Of all the guitar repair jobs, finish touch-ups or repairs are probably the trickiest.  And unfortunately I have a couple on the Guild F50.

These are some nicks on the top of the guitar.  I'm going to touch them up with some closely matched lacquer, top them with clear to level and hopefully they'll look less obvious.

Break out the nitro, I'm going in.

Older guitars were finished in nitrocellulose lacquer, aka 'nitro.'  Not to be confused with nitroglycerin, or the nitromethane that dragsters run on.

This stuff is really great to use, mainly since it will 'melt' into previous coats.  So for touchups, you won't have obvious seams as you would with a poly finish.  Plus it sands and polishes like a dream.  

Whenever I think of nitro, I recall those old spy movies where the bad guy had a jar of 'nitro' and threatened to throw it at someone or something, and there would be a big explosion.  Nitroglycerine explodes with physical shock.  Alfred Nobel, who worked with it a lot, eventually developed dynamite (with nitroglycerine as an ingredient) due to the fact that nitroglycerine was so difficult to handle. 

Anyway, nitrocellulose is pretty nasty smelling stuff - you have to wear a mask.  There are lots of pictures of folks in the Old Days at Fender and other guitar shops where they sprayed it and didn't use masks.  Argh.

Sherwin-Williams makes a LOVOC nitro now that is gaining popularity.  I need to check it out.  

I made a toner with some clear nitro and mixed some ColorTone dyes into it until I got the color I wanted.  A little Vintage Amber, a little Medium Brown, a little Orange, and a little Lemon Yellow.

I tested it right on the spruce patches I just put on.  They'll get leveled anyway, so it was the perfect place to try and match the existing color.

Put a couple of drops onto the chips with a good-quality (not dose cheep 'hobby' brushes) artist's brush.  These won't shed like the cheap ones and ruin your finish.

I really 'drop' it more than paint it.

Here, chippy chippy chip!

Where did you go?

If you look at the larger image, you'll see where the chipped surface is still below the original finish.  That's ok.  I'll use clear lacquer to build up the height and then scrape and sand it level.

The color's a pretty close match, huh?

Now we have this really hideous mess to fix.

This was a big Lesson Learned.  I got lazy and sloppy with my heat gun and the finish got blistered here.  I'm usually very careful, but this time I goofed.

However, I think I can make it look ok.

See the 'test' spots of lacquer toner on the spruce patch?  That's where I tried different colors as I mixed the lacquer - a Vintage Amber base and then a drop or two of the colors I mentioned above until I got it close.

How I've been looking forward to this moment.
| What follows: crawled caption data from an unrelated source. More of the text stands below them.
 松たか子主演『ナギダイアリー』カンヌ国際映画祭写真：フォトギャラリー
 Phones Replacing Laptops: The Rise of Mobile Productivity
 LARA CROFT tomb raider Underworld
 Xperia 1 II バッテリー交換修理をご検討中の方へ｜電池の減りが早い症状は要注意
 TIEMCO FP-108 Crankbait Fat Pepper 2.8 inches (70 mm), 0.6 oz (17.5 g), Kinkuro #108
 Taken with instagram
Wet sanded the blisters with 180, then 220 grit paper on a small block.  Very gently, not a lot of pressure.

Most of the original finish stayed in place.  Very good indeed.

After the wet sanding.  What a relief.  Even this looks better than the blisters.
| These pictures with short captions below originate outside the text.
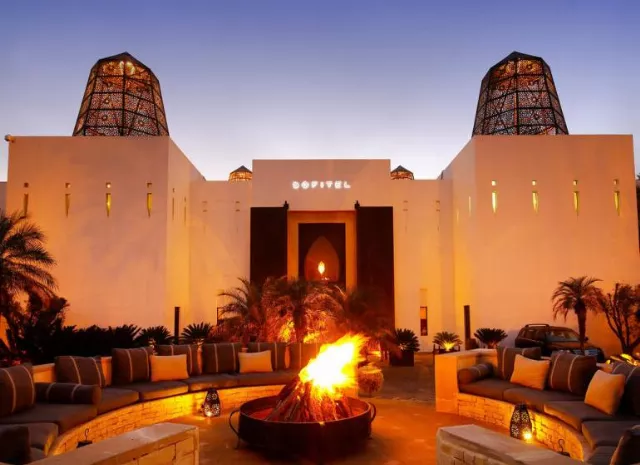 Hotel Sofitel Agadir Royal Bay Resort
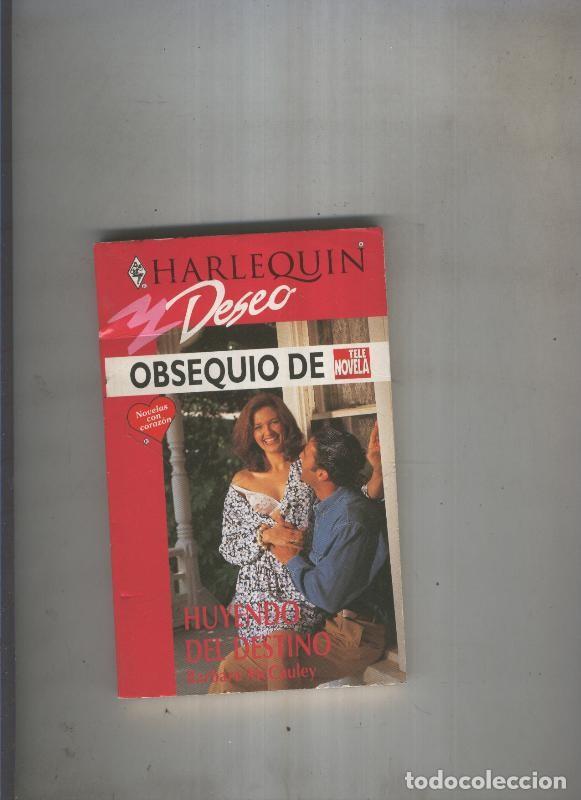 Libros: Huyendo del destino - Barbara McCauley - Foto 1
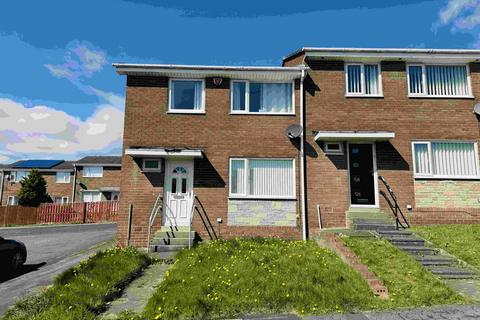3 bedroom end of terrace house to rent, Houghtonside, Houghton Le Spring, Tyne & Wear, DH4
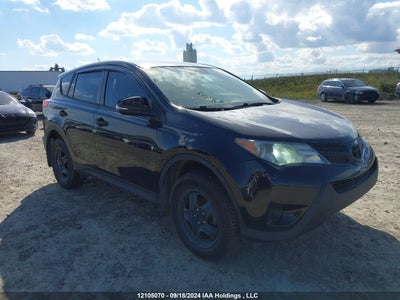 TOYOTA RAV4 2013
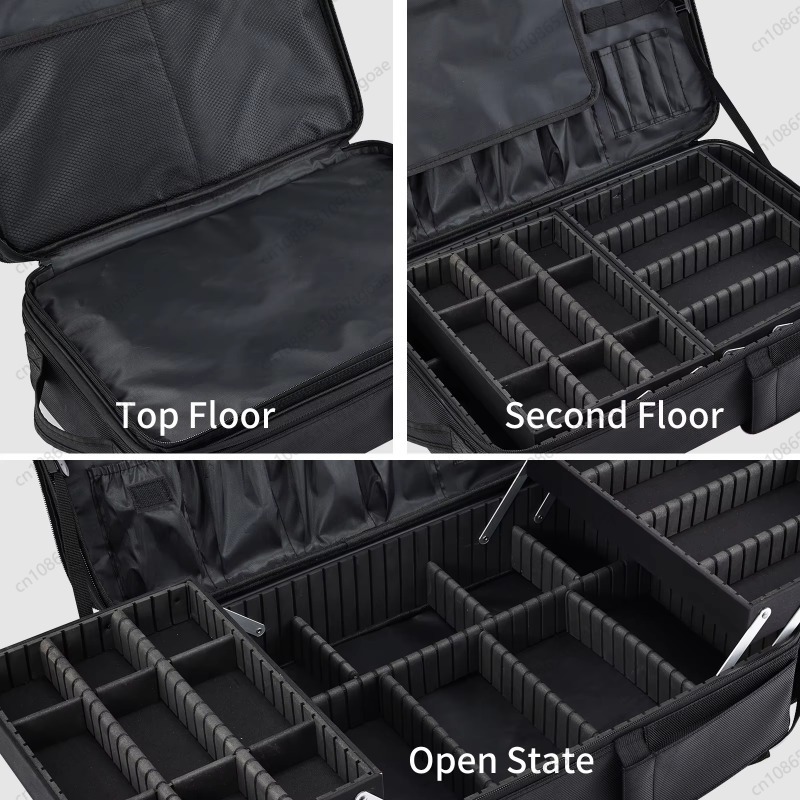 Multifunktionale Aufbewahrungs – Tech Accessories Travel Bag Bewertung und Preis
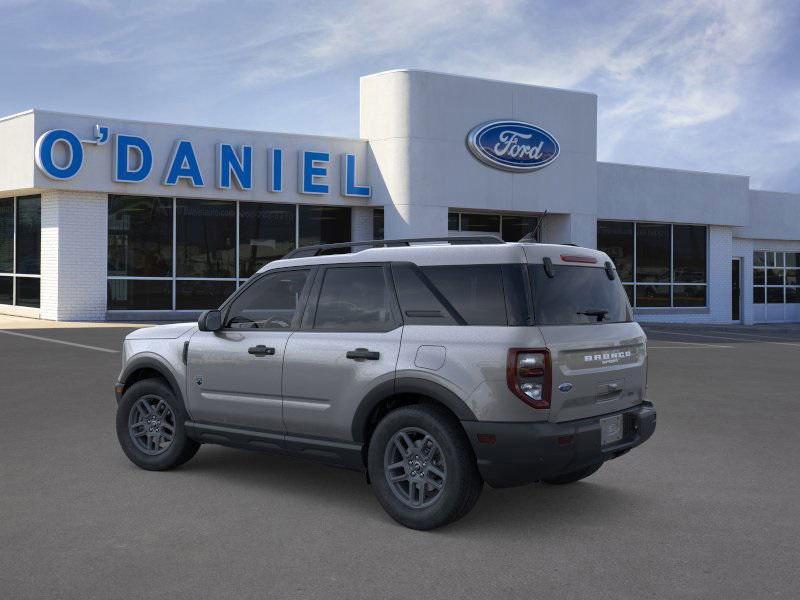 new 2025 Ford Bronco Sport car, priced at $31,489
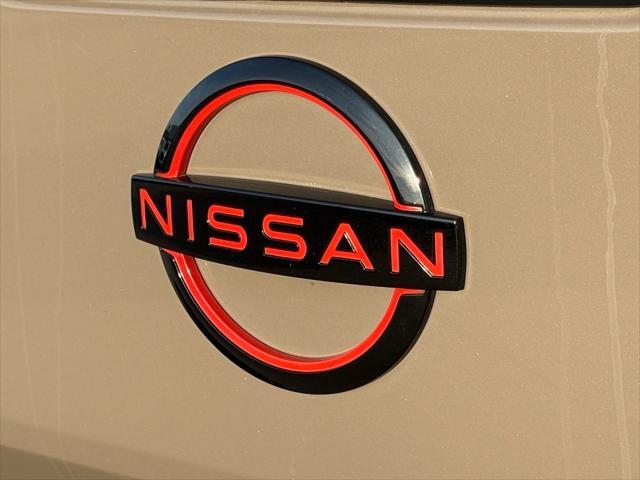 Photo of 2023 Baja Storm Nissan Frontier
A couple spots went down to bare spruce, but there's still a thin layer of clear lacquer on most of the area.

I decided to blot some lacquer on rather than use a brush.  It worked ok, but I'd probably brush it next time.  It was just an experiment.

After applying some lacquer.  The match is pretty close.  You can see the repaired area lies below the old finish, but I'll build it up with clear lacquer and it should wind up being level.

If all goes right, it will be a decent repair.  I think it should be visible only close up and from certain angles, which is pretty much the best we can hope for.